▶ _EXERCISE_
Take the line with "Inheritance diagram of PoolPseudoMotor" as the first and the last line of the data as the end. Write out both and every line between exactly, except pictures.

──────────

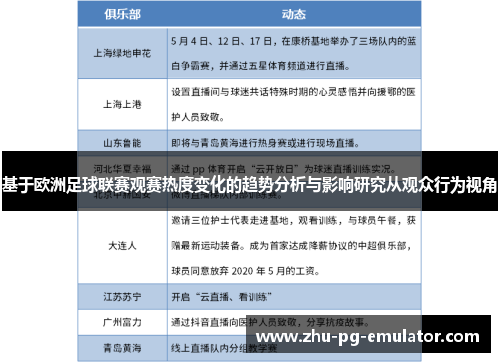 基于欧洲足球联赛观赛热度变化的趋势分析与影响研究从观众行为视角 基于欧洲足球联赛观赛热度变化的趋势分析与影响研究从观众行为视角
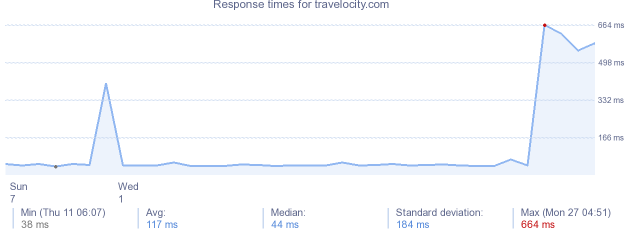 load time for travelocity.com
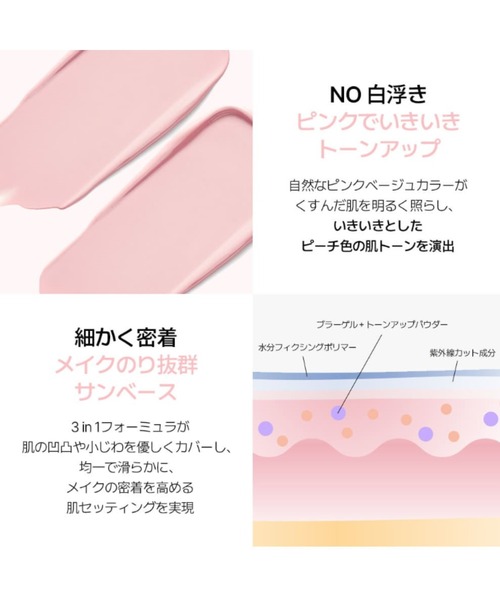 セール】JUNG SAEM MOOL スキンセッティング トーンアップサンベース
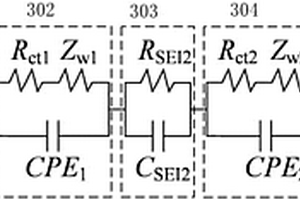 基于雙層活性物質(zhì)復(fù)合電極的鋰離子電池等效電路模型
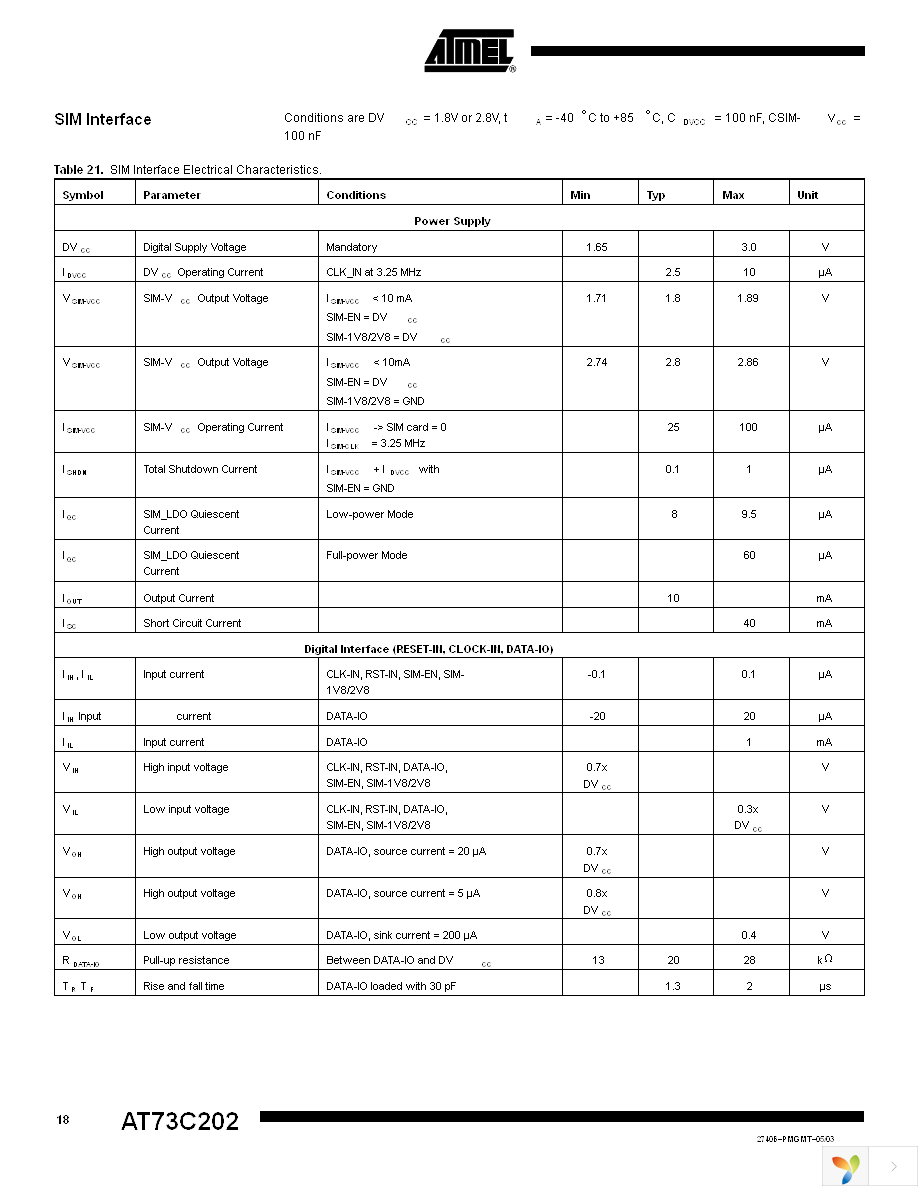 AT73C202J Page 18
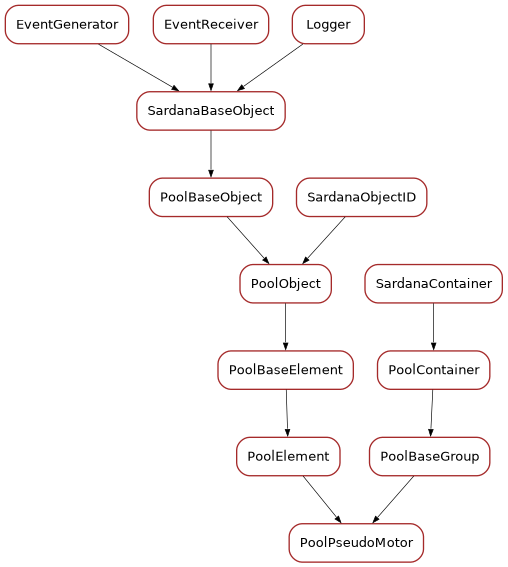 Inheritance diagram of PoolPseudoMotor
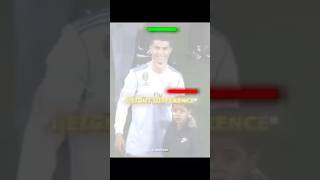 Ronaldo ka beta football khelta hai #shorts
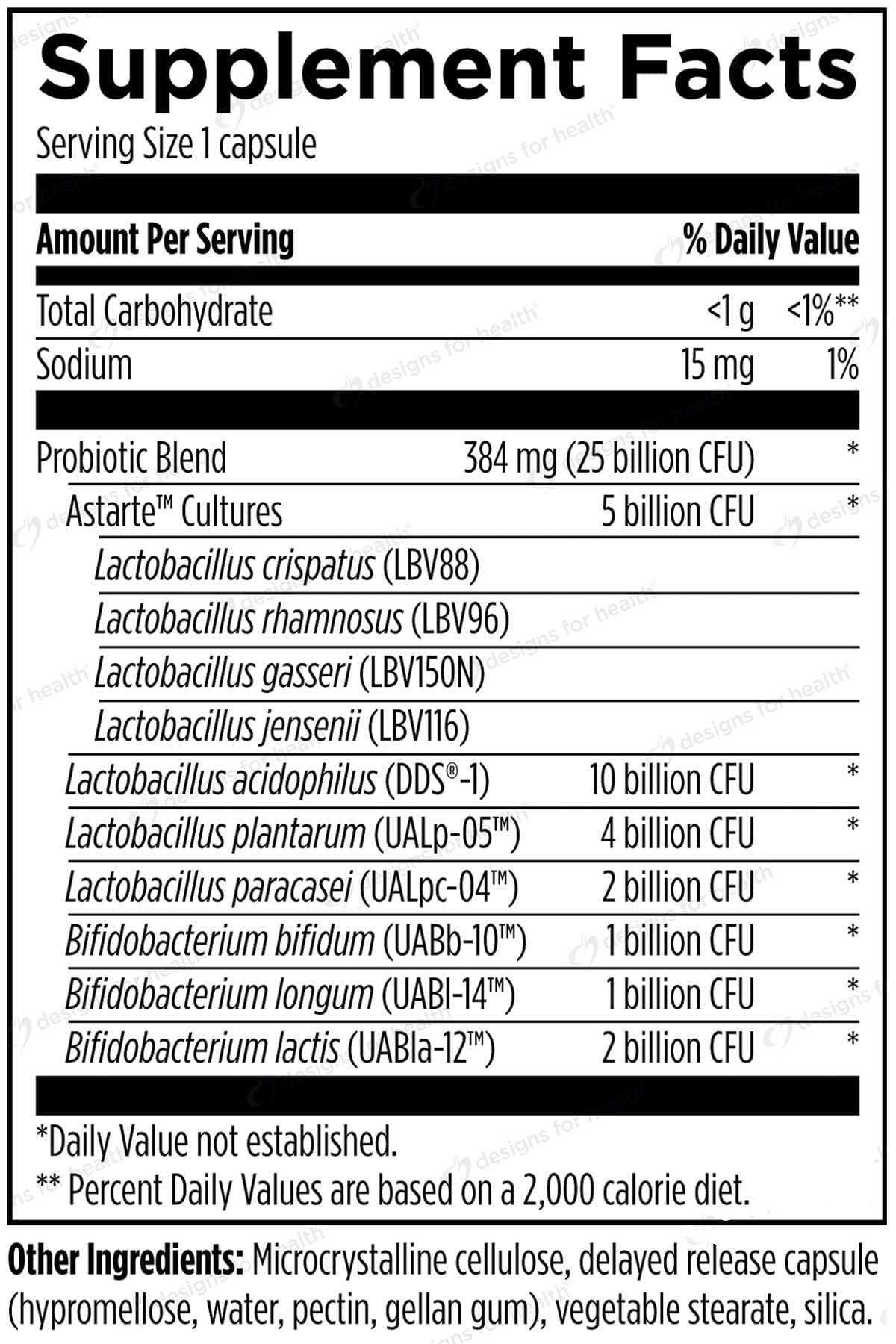 Designs for Health ProbioMed™ Women Ingredients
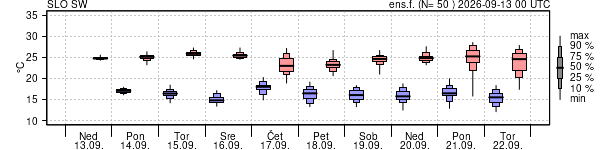 Epsgram temperature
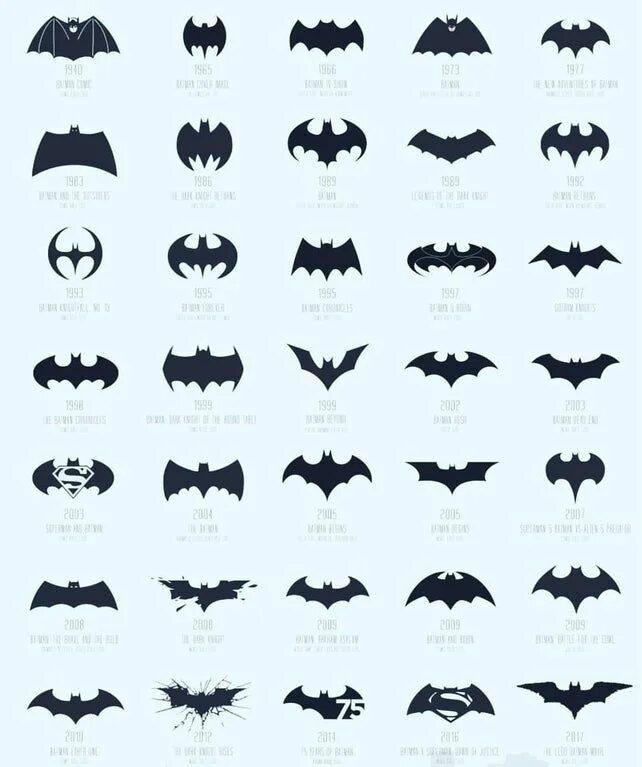 Символика Бэтмена. Логотип Бэтмена. Знак Бэтмена 2021. Логотип Бэтмена 2021. Bat user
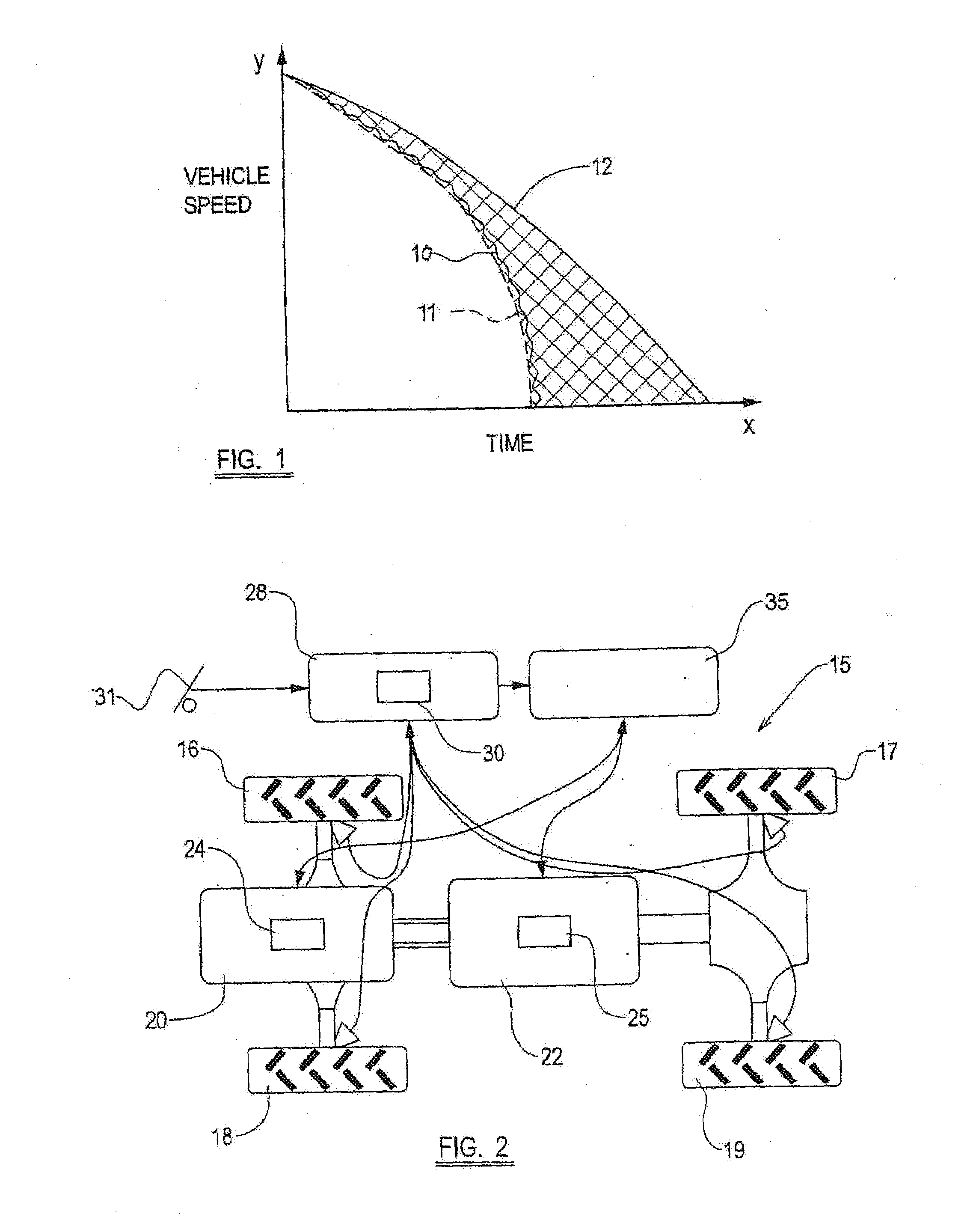 Method of Braking a Vehicle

──────────

▶ _TASK OUTPUT_
 Inheritance diagram of PoolPseudoMotor
 Ronaldo ka beta football khelta hai #shorts
 Designs for Health ProbioMed™ Women Ingredients
 Epsgram temperature
 Символика Бэтмена. Логотип Бэтмена. Знак Бэтмена 2021. Логотип Бэтмена 2021. Bat user
 Method of Braking a Vehicle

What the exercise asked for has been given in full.